AIM OF THE EXERCISE
Skip the pictures and restate, word for word, the lines from the one containing "In regards to" to the end of the data below.

══════

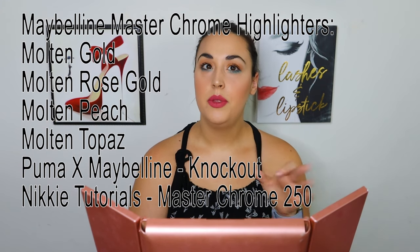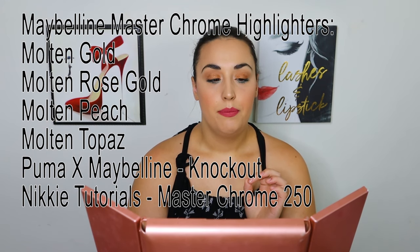I know there's like six of them. My ultimate favorites are the Molten Rose Gold and the Nikki Tutorials collab - those two are my ultimate favorites. I highly recommend picking them up. You're able to get the Nikki Tutorials one at Ulta, so you should pick them up. They're really good.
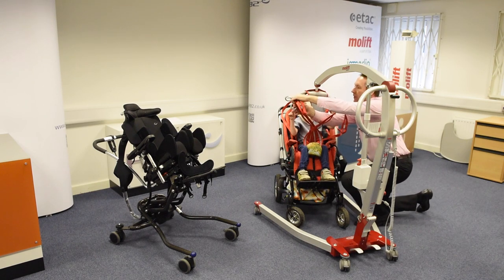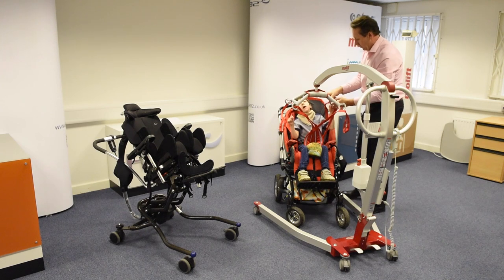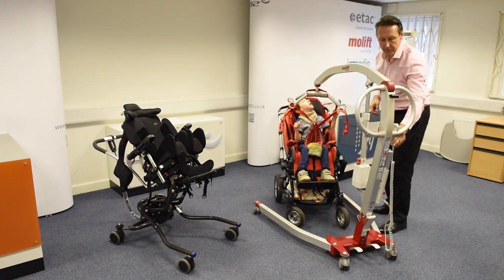It's not going to crunch you up in the middle, your tummy. We've got these long loops on the shoulder, which will cope with any extension you might go into during the transfer.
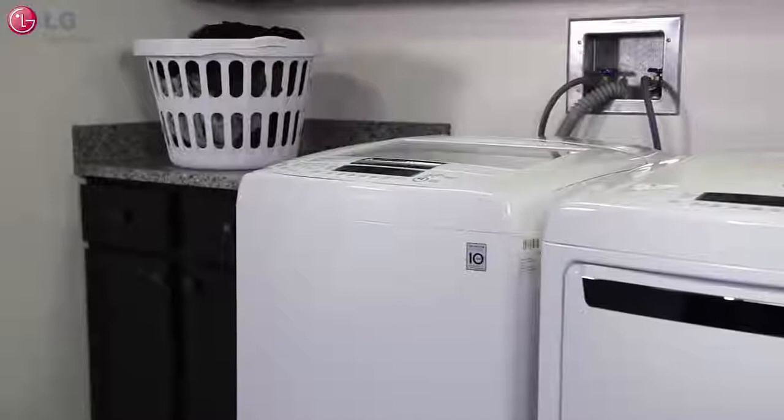Welcome to LG at home. Stains can really be a pain when you're doing laundry. It's best to get them out right away. Today we'll talk about some of your best options for removing basic stains and best utilizing your LG top load washer.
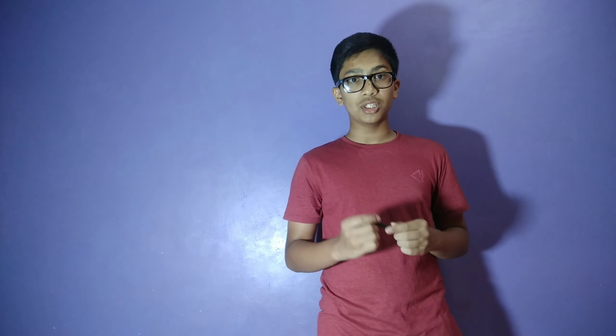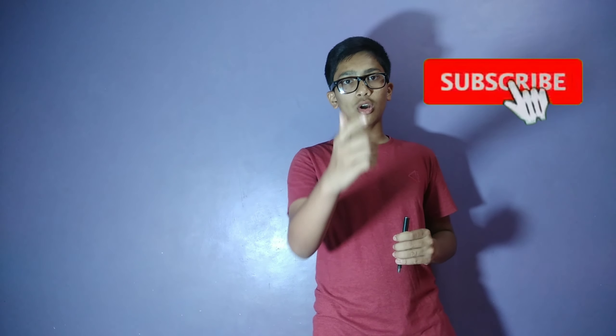Hey guys, if you like my videos, please like, comment, subscribe and share my future videos. See you next time.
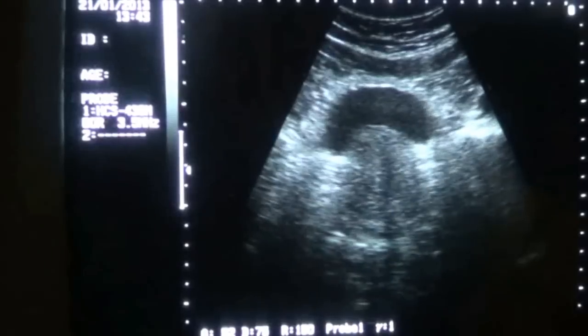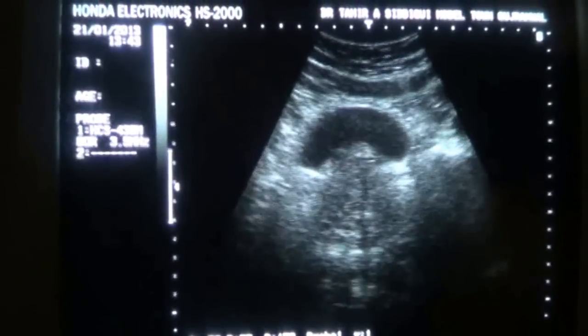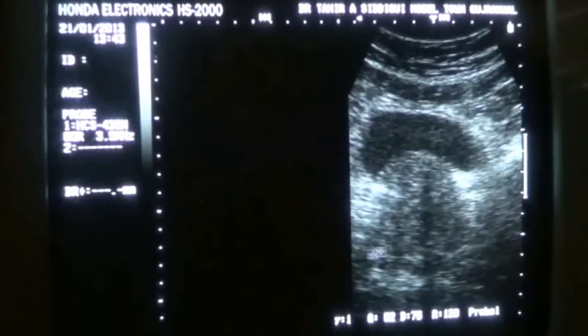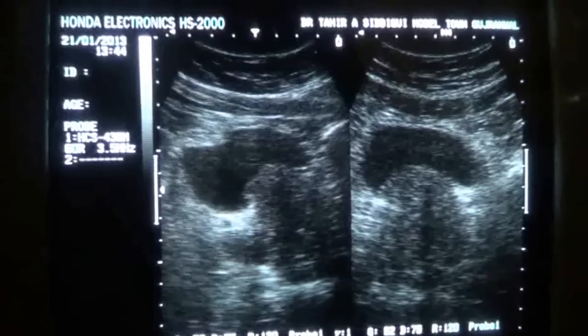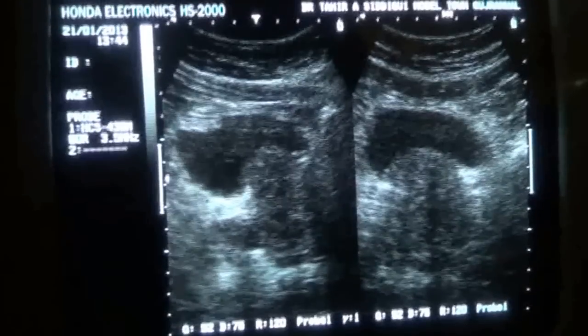I am just giving a slight angling of the probe towards the patient's feet and I get the transverse view of the prostate. This is the transverse of the prostate with intact periprostatic fat and no calcifications seen. This is the prostatic urethra and this is the substance of the prostate in transverse section. Now I will give a 90-degree angle to the probe and we will get the longitudinal view of the prostate.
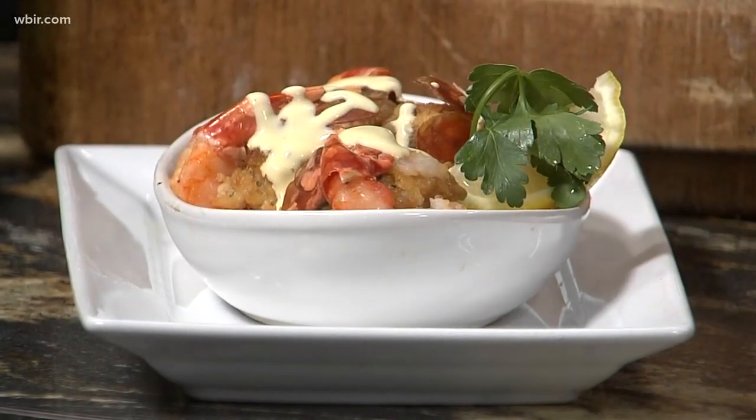That looks delicious. I have a feeling you're going to be awfully busy this week. We want to give everyone the best. You can find Cappuccinos at 7316 Kingston Pike. Good to see you as always. Thank you very much.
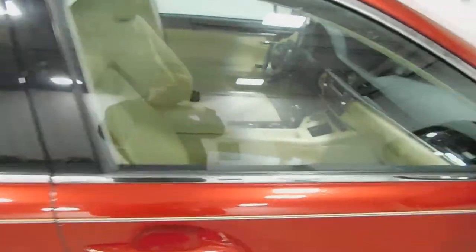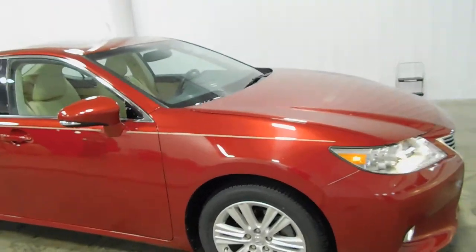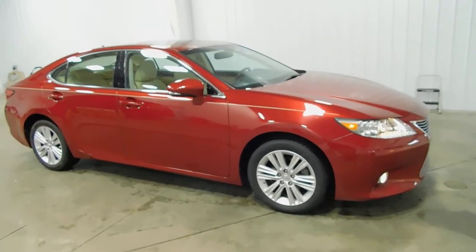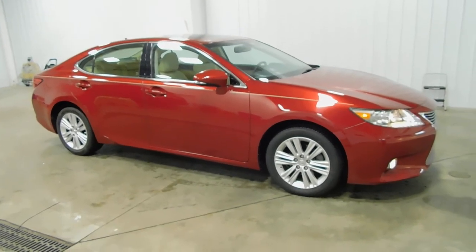Super low mileage. Fully serviced, all that good stuff. So if it's something that interests you, you can give us a call at 513-420-0000, or visit us on the web at mtacautos.com, where you can find this vehicle or any of our other super low mileage inventory.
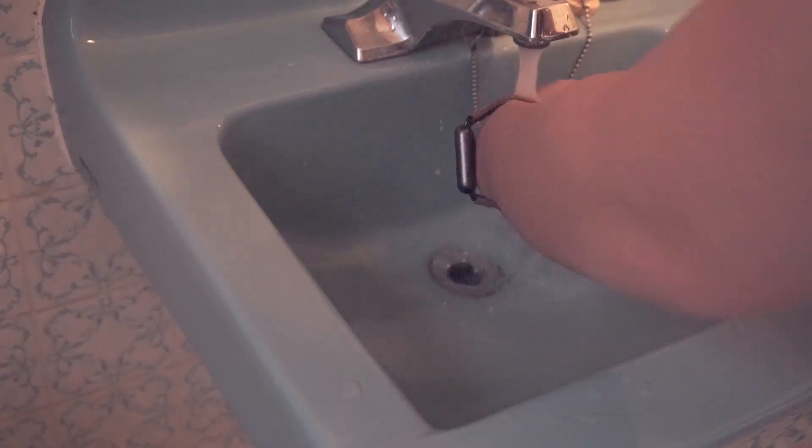In regards to taking care of the leather, washing your hands is fine, but don't drown it in water or you'll damage the leather. Basically, don't swim with it on.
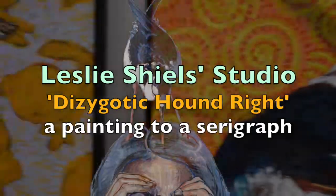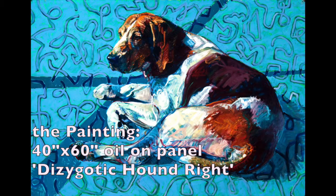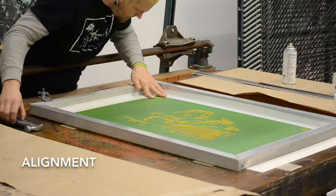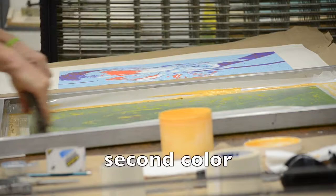I did a series of paintings based on dizygotic or fraternal twins, and this is one of those paintings — dizygotic Houndwright. I decided to translate it into a serigraph. I took a high-resolution photograph of the original painting and began the process of simplifying. I used Adobe Photoshop CS6 to separate it into five film layers for this ink process.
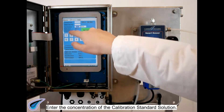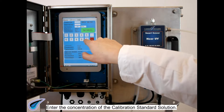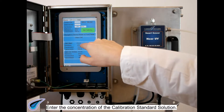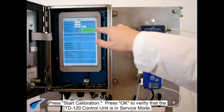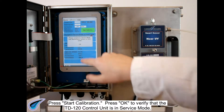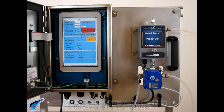Enter the concentration of the calibration standard solution. Press Start Calibration. Press OK to verify that the TD120 control unit is in service mode.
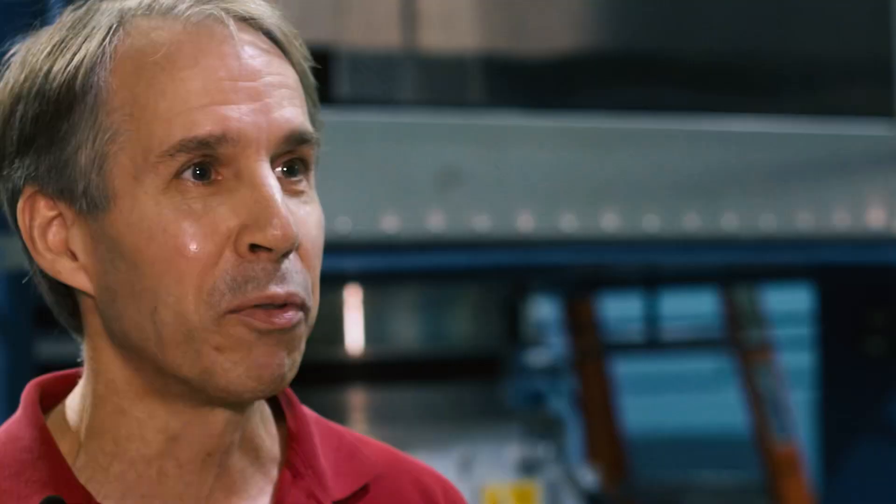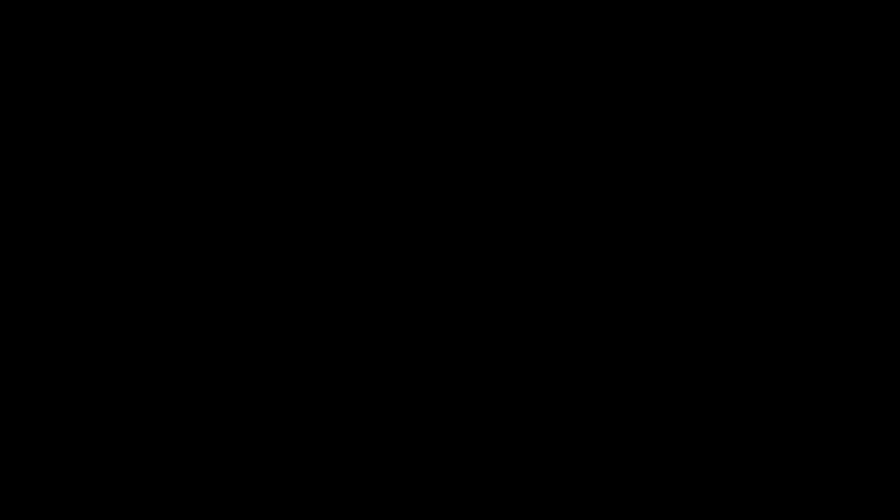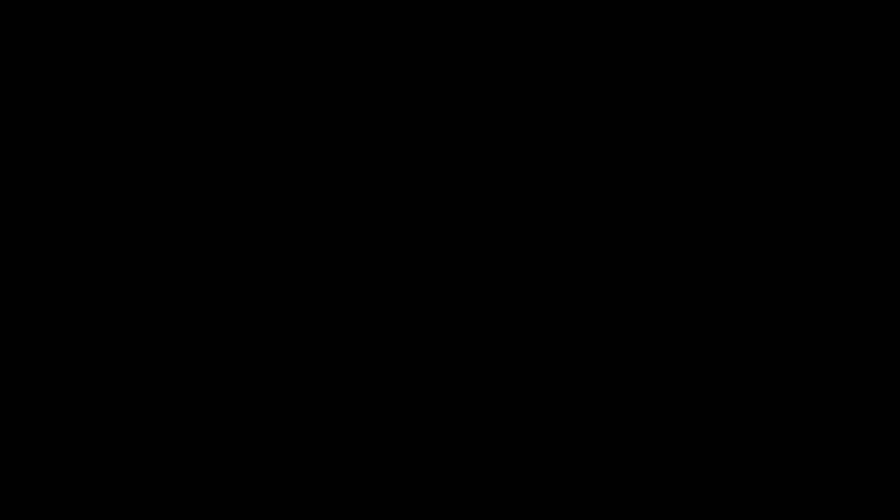I'm a Top Gun fan from way back, back in the 80s. I think I saw the movie four or five times in the theater and wore out a VHS tape, and we've got a DVD of it. This movie was not possible without us.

══════

EXERCISE OUTPUT
In regards to taking care of the leather, washing your hands is fine, but don't drown it in water or you'll damage the leather. Basically, don't swim with it on.
I did a series of paintings based on dizygotic or fraternal twins, and this is one of those paintings — dizygotic Houndwright. I decided to translate it into a serigraph. I took a high-resolution photograph of the original painting and began the process of simplifying. I used Adobe Photoshop CS6 to separate it into five film layers for this ink process.
Enter the concentration of the calibration standard solution. Press Start Calibration. Press OK to verify that the TD120 control unit is in service mode.
I'm a Top Gun fan from way back, back in the 80s. I think I saw the movie four or five times in the theater and wore out a VHS tape, and we've got a DVD of it. This movie was not possible without us.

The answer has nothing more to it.